* [Stored items from a collection]:
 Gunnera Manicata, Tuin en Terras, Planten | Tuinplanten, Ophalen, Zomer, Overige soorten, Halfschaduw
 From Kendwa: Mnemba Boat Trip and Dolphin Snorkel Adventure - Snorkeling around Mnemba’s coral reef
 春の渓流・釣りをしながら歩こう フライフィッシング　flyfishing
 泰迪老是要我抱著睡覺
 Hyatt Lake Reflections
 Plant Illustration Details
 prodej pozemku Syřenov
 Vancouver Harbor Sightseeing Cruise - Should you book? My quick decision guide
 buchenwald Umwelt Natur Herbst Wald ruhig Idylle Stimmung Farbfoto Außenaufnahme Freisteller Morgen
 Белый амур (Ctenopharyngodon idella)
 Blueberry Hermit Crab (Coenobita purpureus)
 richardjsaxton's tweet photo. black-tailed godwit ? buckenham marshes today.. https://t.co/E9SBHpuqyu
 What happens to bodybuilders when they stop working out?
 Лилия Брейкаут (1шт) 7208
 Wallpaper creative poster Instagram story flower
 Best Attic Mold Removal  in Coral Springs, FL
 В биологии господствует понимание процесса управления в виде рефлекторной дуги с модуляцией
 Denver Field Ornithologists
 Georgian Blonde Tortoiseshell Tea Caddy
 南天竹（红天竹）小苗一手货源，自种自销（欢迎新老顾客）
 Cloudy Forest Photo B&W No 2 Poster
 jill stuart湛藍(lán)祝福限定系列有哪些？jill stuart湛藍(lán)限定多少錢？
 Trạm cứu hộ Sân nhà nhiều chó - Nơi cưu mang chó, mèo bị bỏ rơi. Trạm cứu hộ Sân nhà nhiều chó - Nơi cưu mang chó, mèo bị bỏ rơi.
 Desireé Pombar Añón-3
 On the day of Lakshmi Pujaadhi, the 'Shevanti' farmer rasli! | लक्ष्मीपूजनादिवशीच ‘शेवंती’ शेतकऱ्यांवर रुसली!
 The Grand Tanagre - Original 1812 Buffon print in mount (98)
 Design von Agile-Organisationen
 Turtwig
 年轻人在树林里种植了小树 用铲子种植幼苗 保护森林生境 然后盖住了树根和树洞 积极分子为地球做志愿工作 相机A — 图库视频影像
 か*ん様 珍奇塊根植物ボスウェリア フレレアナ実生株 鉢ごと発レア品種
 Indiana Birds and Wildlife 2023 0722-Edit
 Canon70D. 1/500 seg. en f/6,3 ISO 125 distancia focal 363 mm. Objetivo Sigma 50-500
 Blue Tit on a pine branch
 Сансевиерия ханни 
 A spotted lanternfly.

* [EXERCISE INSTRUCTIONS]:
Retype, exactly and in full, the lines above from the one containing "The Grand Tanagre" through the one containing "Blue Tit on a pine branch".

* [RESPONSE]:
 The Grand Tanagre - Original 1812 Buffon print in mount (98)
 Design von Agile-Organisationen
 Turtwig
 年轻人在树林里种植了小树 用铲子种植幼苗 保护森林生境 然后盖住了树根和树洞 积极分子为地球做志愿工作 相机A — 图库视频影像
 か*ん様 珍奇塊根植物ボスウェリア フレレアナ実生株 鉢ごと発レア品種
 Indiana Birds and Wildlife 2023 0722-Edit
 Canon70D. 1/500 seg. en f/6,3 ISO 125 distancia focal 363 mm. Objetivo Sigma 50-500
 Blue Tit on a pine branch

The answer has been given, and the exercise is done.